Nov 06, 2013 Owning the courtroom and the competition

During the Vietnam War, the United States government drafted a slew of people not long past high school age who were ill-prepared to go to war. Plenty had little real-world experience. Plenty had never been on a plane, let alone one to halfway around the world. Plenty would be overwhelmed by the heat and terrain, let alone by being fired upon and seeing fellow solders’ limbs flying in all directions in surroundings completely different from their hometowns. Plenty were unable to withstand committing atrocities.

Consequently, does being on an unfamiliar battlefield spell a weakened soldier? Does being fired on by the opposition mean being emasculated? No, at least not when the cause is a non-violent and noble one. My clients and witnesses need to know this, especially those who feel like fish out of water in court. I must remind myself of this, for me to be as strong as possible for my clients in and out of court, and to inspire them to be fearless in court. Today’s blog entry, then, continues from my November 1 blog entry on presenting powerful testimony in court.

My November 1 blog entry, confirms that there is no out there for the mind. Robert Thurman echoes the same concept in his new book with Sharon Salzber, Love Your Enemies (see here, too), saying that we actually have no enemies, because our sense of well being or lack thereof comes from within us rather than from outside of us. Easier said than done, but the sooner my clients and witnesses recognize that cross-examining prosecutors and judges are our teachers and not our enemies, the sooner that their very presence and words will improve to make their message more persuasive and powerful.

Not only do we have no enemies, but we also should see everywhere we go as a hospitable place, and not a land of culture shock, a land of home team advantage, nor a sea of landmines to negotiate for the first time. I have had moments of weakness myself where I half jokingly said that living in Virginia is a culture shock to my experience growing up in the North.

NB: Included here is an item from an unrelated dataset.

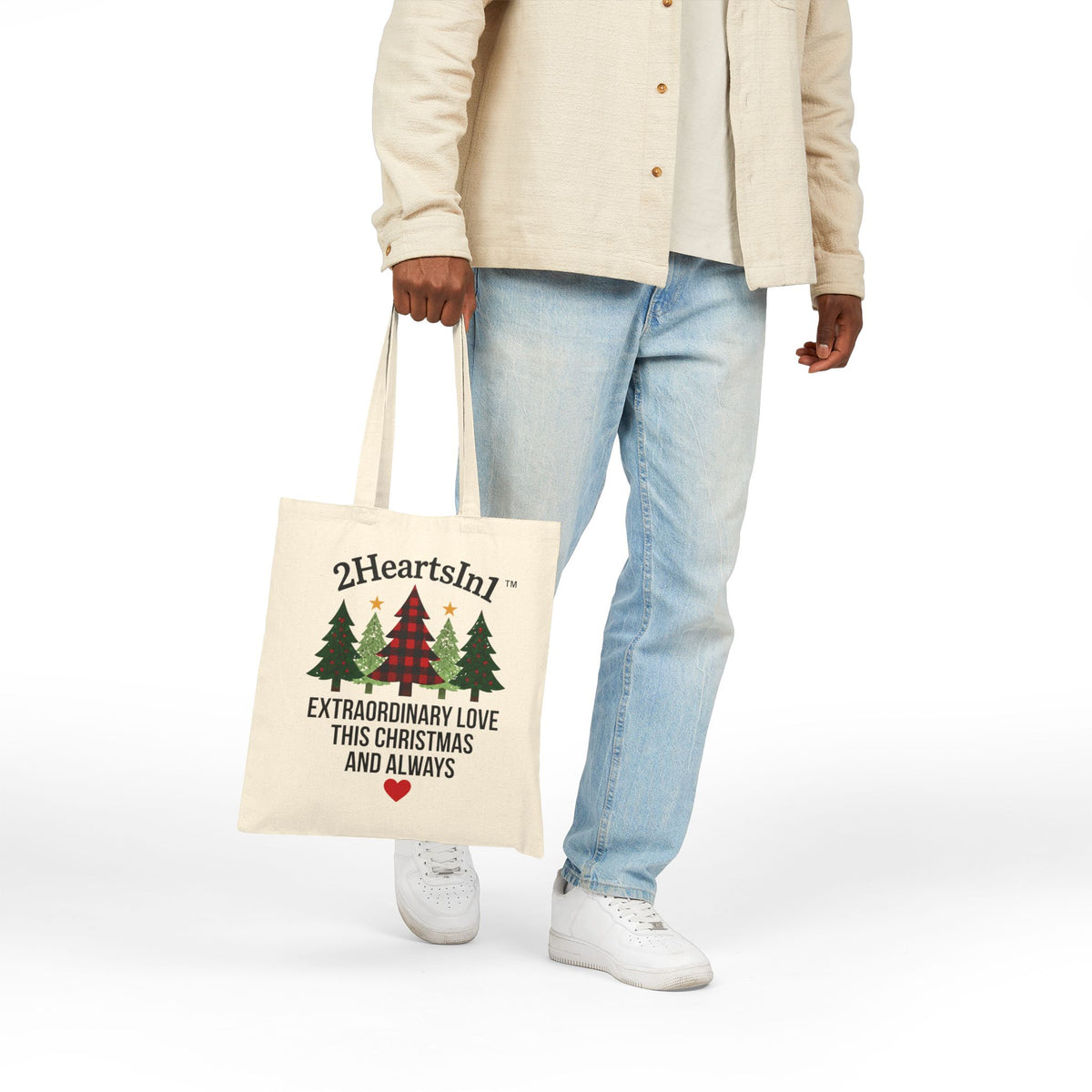 2HeartsIn1 Extraordinary Love This Christmas and Always Holiday Canvas Tote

However, at its core, I am not living in culture shock, despite Virginia’s virulently racist and segregationist past, despite [Robert E.] Lee Highway’s stretching over one hundred miles to Georgetown’s doorstep, and despite the rifle-toting Confederate soldier statute greeting visitors to the Loudoun County, Virginia, courthouse with nothing to offset it other than one sidewalk tile around fifty yards away honoring Martin Luther King, Jr.

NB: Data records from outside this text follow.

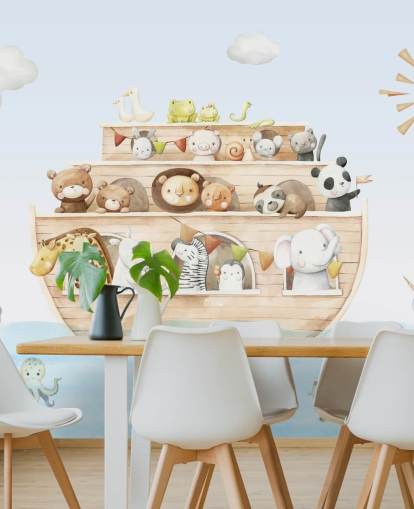 noahs ark djur tapet väggmålning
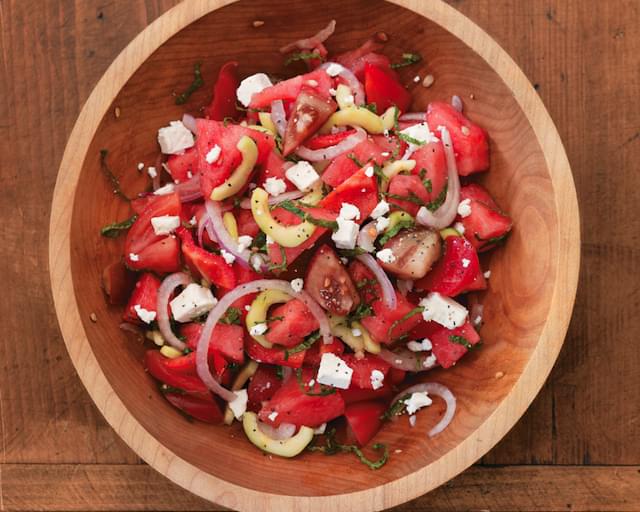 Tomato and Watermelon Salad with Feta Cheese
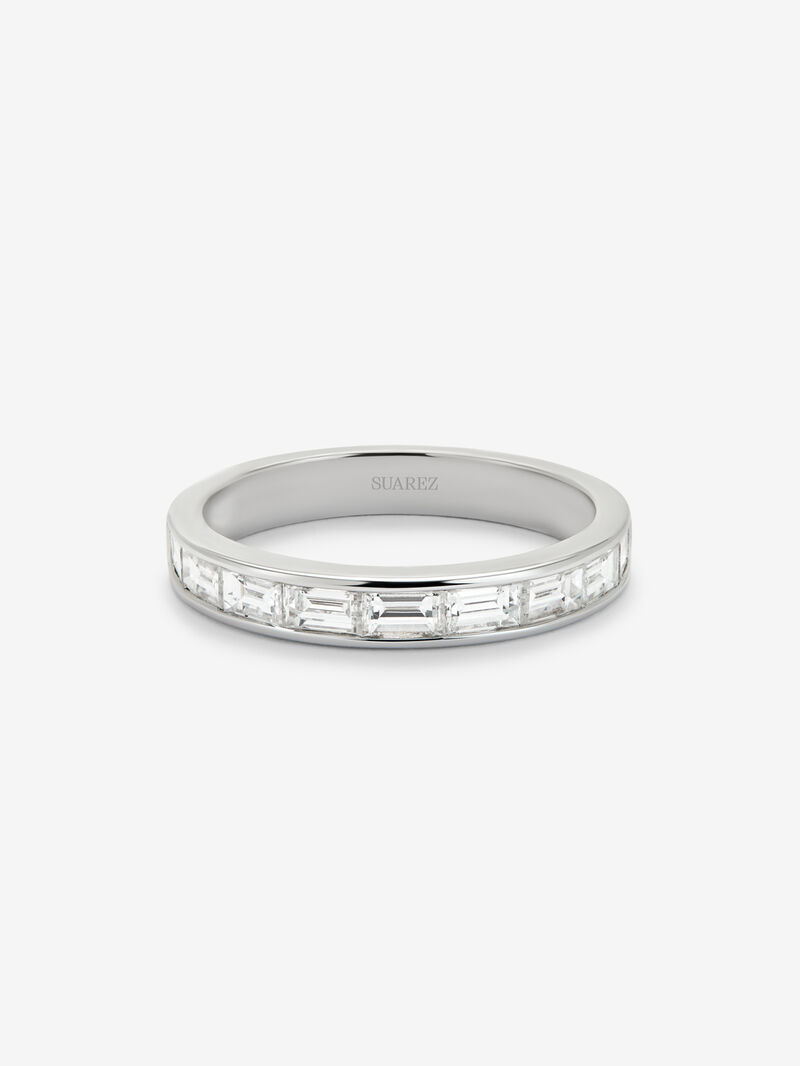 Half wedding band in 18K white gold with pavé baguette-cut diamonds with a total of 0.89 cts image number 2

When we realize that we are home and grounded wherever we go, and that we always have our human heart and spirit everywhere that we walk, we can feel more comfortable — and, therefore be more powerful — wherever we go. For some people, such symbols or approaches as silent chants, a meaningful photo in one’s wallet, or meditating in one’s car or other place nearby the courthouse helps achieve the powerfully grounded and persuasive feeling of being home. Whatever works. 

What is the alternative to not seeing anyone as enemies? Bob Thurman learned that the hard way in his younger years, as he was bullied by his brother and reacted with fury, addicting himself to anger. What good does addiction to anger do beyond making one’s opponents happy?

Very powerful, then, is to feel at home no matter how close or far we travel from our bedrooms. As Thich Nhat Hanh says, "I have arrived. I am home." That approach brings one closer to owning the courtroom and the competition.